I think there is a lot of camera shy members, i pt a post up aking to put there face to there name and only a few did, Theres a few shy ones like JoegS, Hawk and Perry ha ha , they love it, jeff


----------



## Deimos (Dec 24, 2009)

Holzwurm said:


> ... but I don't have a video camera myself so I can't contribute......


They sell those for €20 nowaday... They work, just not very well, lol

My vid:




Now show me yours? :3


----------



## Holzwurm (Nov 5, 2010)

@ Deimos

Thanks a lot , have to check that one out(maybe it's even the same one I'm using ???) , ..........I've been making my lure videos on YouTube with "Picasa 3" so far , the results are a bit poor , some picture sequences did not transmit well , so a few video portions are not clearly visible .

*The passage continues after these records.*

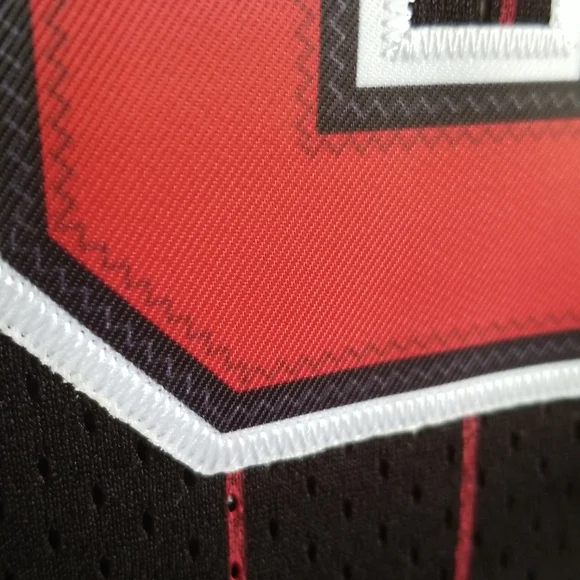 SCOTTIE PIPPEN CHICAGO BULLS PINSTRIPE JERSEY SIZE SMALL - Picture 6 of 11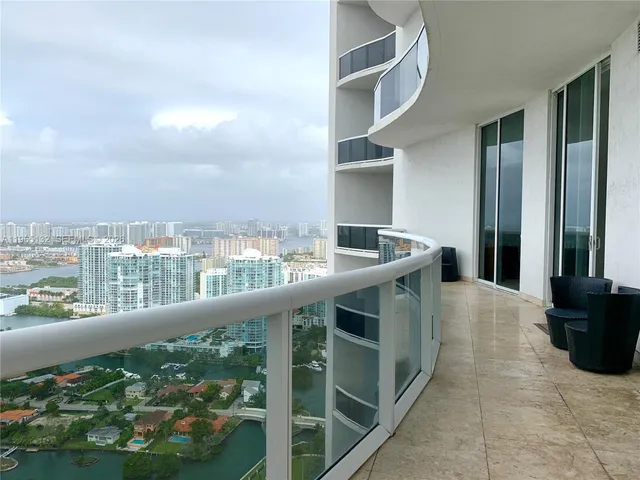 $6,700 | 16001 Collins Avenue, Unit 3805, Sunny Isles Beach, FL 33160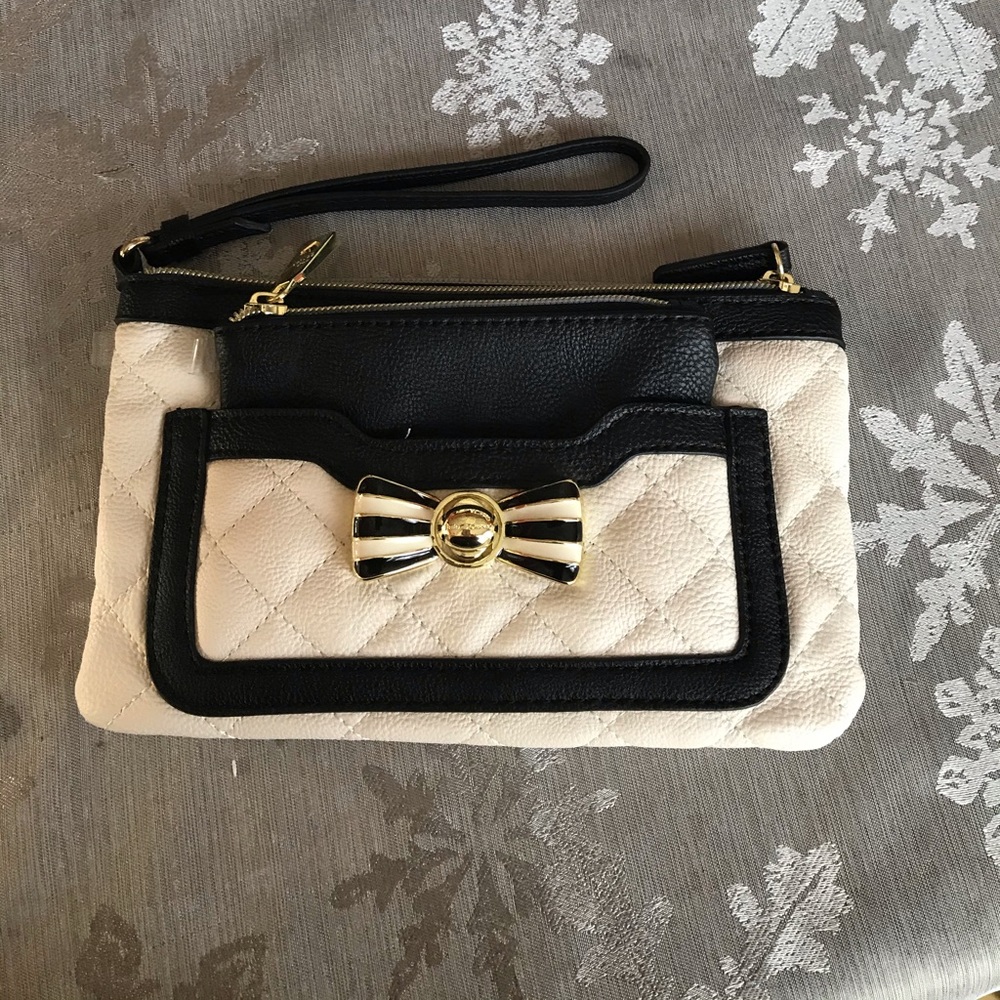 Wristlet with coin purse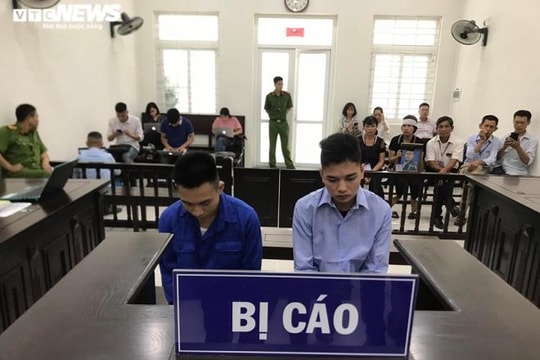 Hoãn phiên tòa xử 2 kẻ sát hại nam sinh chạy Grab ở Hà Nội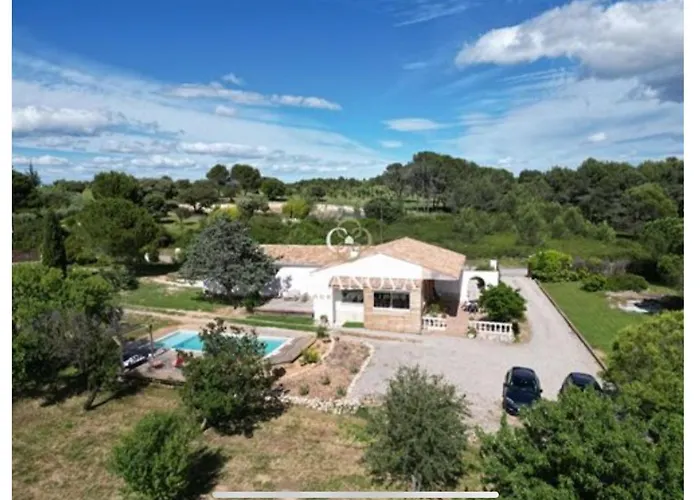 Avec Piscine Au Milieu Des Champs Villa *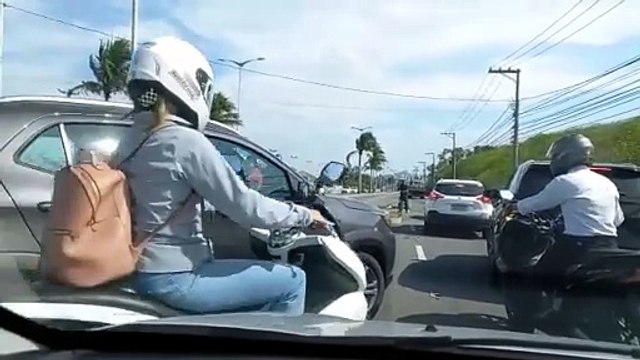 Acidente na Avenida Dante Michelini complica trânsito na região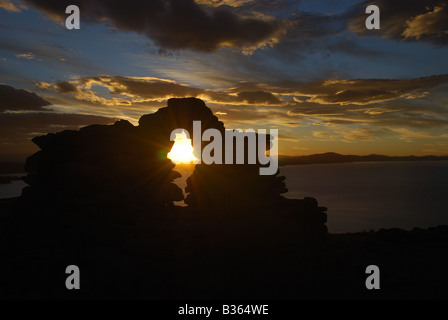 Il Perù, il tramonto su Isla Taquile sul Lago Titicaca Foto Stock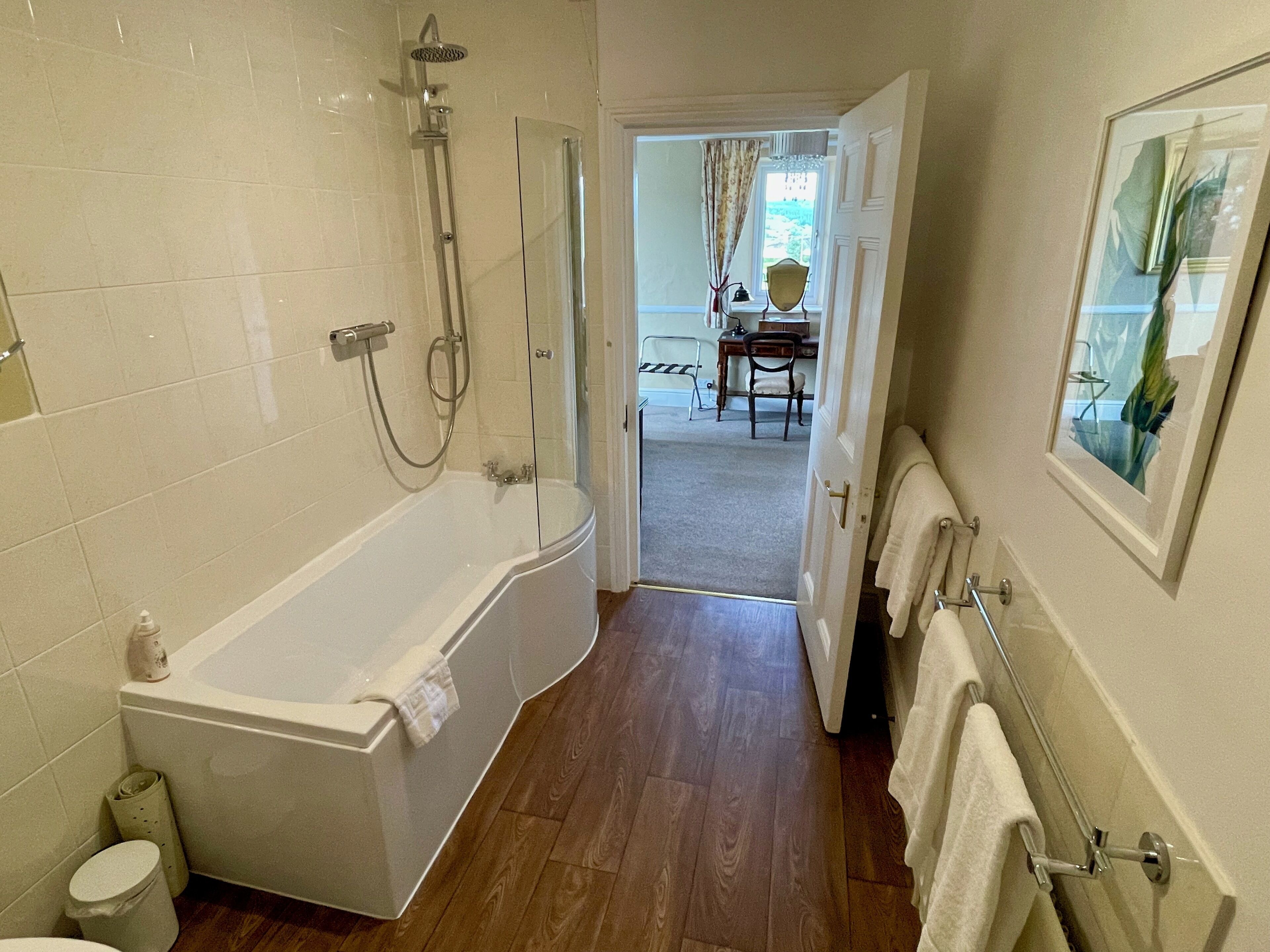 Un baño con bañera, inodoro y ducha.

Have it on my new computer as well , have already tried to put together another lure video out of several sequences , but for some reason that crap won't do , what I want







, .........also I'm way too dump with computers , I guess







.

Anyway , some day I ought to find out......







!

greetz , Holzwurm


----------



## hawk2009 (Dec 30, 2009)

Well heres my shooting video using my widefork trophy slingshot 



 Sorry got the name wrong Dgui asked for us to post a video I say demios on the video I do apologise.


----------



## Brooklyn00003 (Feb 28, 2010)

Here's an older video.

Enjoy.


----------



## brockfnsamson (Aug 25, 2010)

dgui said:


> This may be completely outrageous but I would like to see each member make a slingshot shooting video.


You show me yours and I will show you mine.


----------



## Tex-Shooter (Dec 17, 2009)

There may be some new members that have not found me yet. - Tex-Shooter
http://www.youtube.com/user/slingshotbill


----------



## BCLuxor (Aug 24, 2010)

http://www.youtube.c...r5?feature=mhsn Take your pick Im up to about 70 videos now I think.

This is about the only "full" body shot i got on there lol. http://www.youtube.c...h?v=LQXhVfX6FX0

My favourite shooter


----------



## dgui (Jan 12, 2010)

Holzwurm said:


> Hope , that some day I'd be able to put up a couple of vid's as well , .........never have enough shooters , almost no practise , very limited leisure time and a poor video program on my computer
> 
> 
> 
> ...


_nteresting looking Palm Swell mate._


----------



## dgui (Jan 12, 2010)

brooklyn00003 said:


> Here's an older video.
> 
> Enjoy.


Nice, you tore that can up with marbles I think, it looks like your on a roof.


----------



## Brooklyn00003 (Feb 28, 2010)

Dgui , I shoot 9.5mm steals not marbles

Take care


----------



## torsten (Feb 9, 2010)

A new vid with my new catty...


----------



## Brooklyn00003 (Feb 28, 2010)

Nice shooting Torsten.

You must it alot of beans and cookies


----------



## dgui (Jan 12, 2010)

shot in the foot said:


> This may be completely outrageous but I would like to see each member make a slingshot shooting video.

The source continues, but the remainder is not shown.